Wednesday, January 10, 2024

CLIMBING HIGHER TO THE NEXT LEVEL #2

NEWSLETTER #2

For more than five decades countless Healthcare organizations have chosen to under-invest in the critical and necessary designs to support many of their Operational Supply Chain processes. Only now, with the advent of the 2020 crisis have they finally realized their oversight in not meeting their patient needs in a timely fashion. Why has this occurred? In short: culture, limitation within design processes, and the lack of desire to look at it from the standpoint of true sustainability.

Healthcare has traditionally been late adapters; many industrial standards that have been adopted as the norm by other industries has allowed them to move forward. Healthcare, however, has always been about risk and how it would affect their profits over developing functional proficiencies within operations. COVID-19 altered everything over-night, showing them just how unprepared they really were to meet a “potential pandemic.” Their inability to simply listen to those who get their hands dirty (back-of-house operations) to acknowledge their skills and elevate them to departmental chairs within the decision-making process has produced a design-development oversight misalignment to what is truly needed to support and develop inventory accuracies. Back-of-house operations were not even reviewed as a critical requirement in design during project phasing. Characteristically, most facilities depend on 3rd party organizations to manage their on-sight materials. This decision was based on having limited in-house staffing skills through hiring and or lack of training of existing staff. It doesn’t have to be a pandemic as much as a weather event to bring to light, producing shortages.

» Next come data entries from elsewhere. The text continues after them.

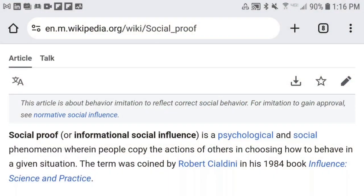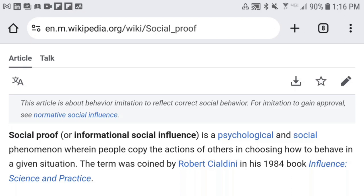Social proof, or informational social influence, is a psychological and social phenomenon wherein people copy the actions of others in choosing how to behave in a given situation. The term was coined by Robert Cialdini in his 1984 book 'Influence: Science and Practice.'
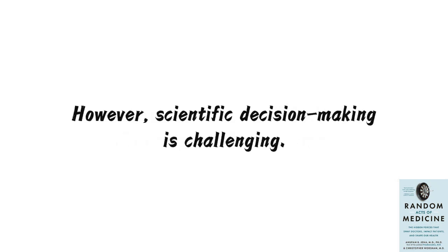However, scientific decision-making is challenging. Generally, when doctors face the situations mentioned earlier, how do they make decisions? Jenna and Worsham's Random Acts of Medicine explores two common decision-making methods in hospitals, both of which have significant issues.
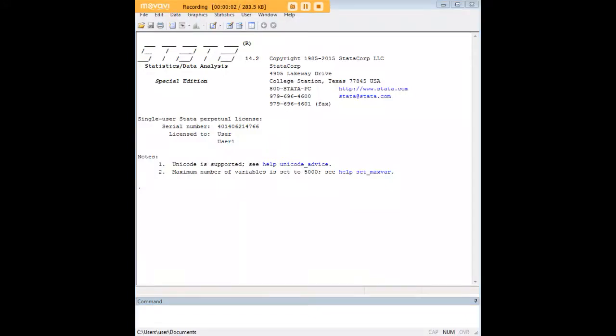Hi there, and welcome to 272Analytics.com's tutorial on how to clone variables within Stata.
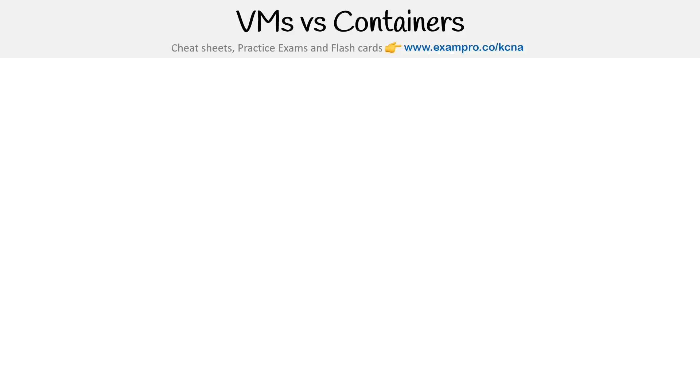All right, so let's take a look at virtual machines, also known as VMs, compared to containers. The idea behind Kubernetes and cloud native stuff is that there are virtual machines involved, but you're generally working with containers, not virtual machines.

In addition, limitations in budgets have reshaped and hindered many bid documents that reflected band-aiding of operations verses long-term sustainability needs. Software capacities, equipment limitations, and material flows were replaced with “standard square footage calculations” as the norm for departmental space allotments. Architectural firms (based on limited budgets) rely on standard guidelines to ensure awarding; hence they offer building designs that are “only functional but not practical to support future demands.” Regardless of cost to the project budget, the supply chain process “must be part of project phasing”—including how to purchase, store, and distribute materials bringing the basement to the boardroom and or those who know how to help together as a team!

If you don’t have the necessary manpower or information to design your facility properly, depending on just an architect to direct your future growth that is the definition of insanity, which Albert Einstein suggested. Don’t let past mistakes dictate how you design your next modification—you cannot afford to continue to move in that direction.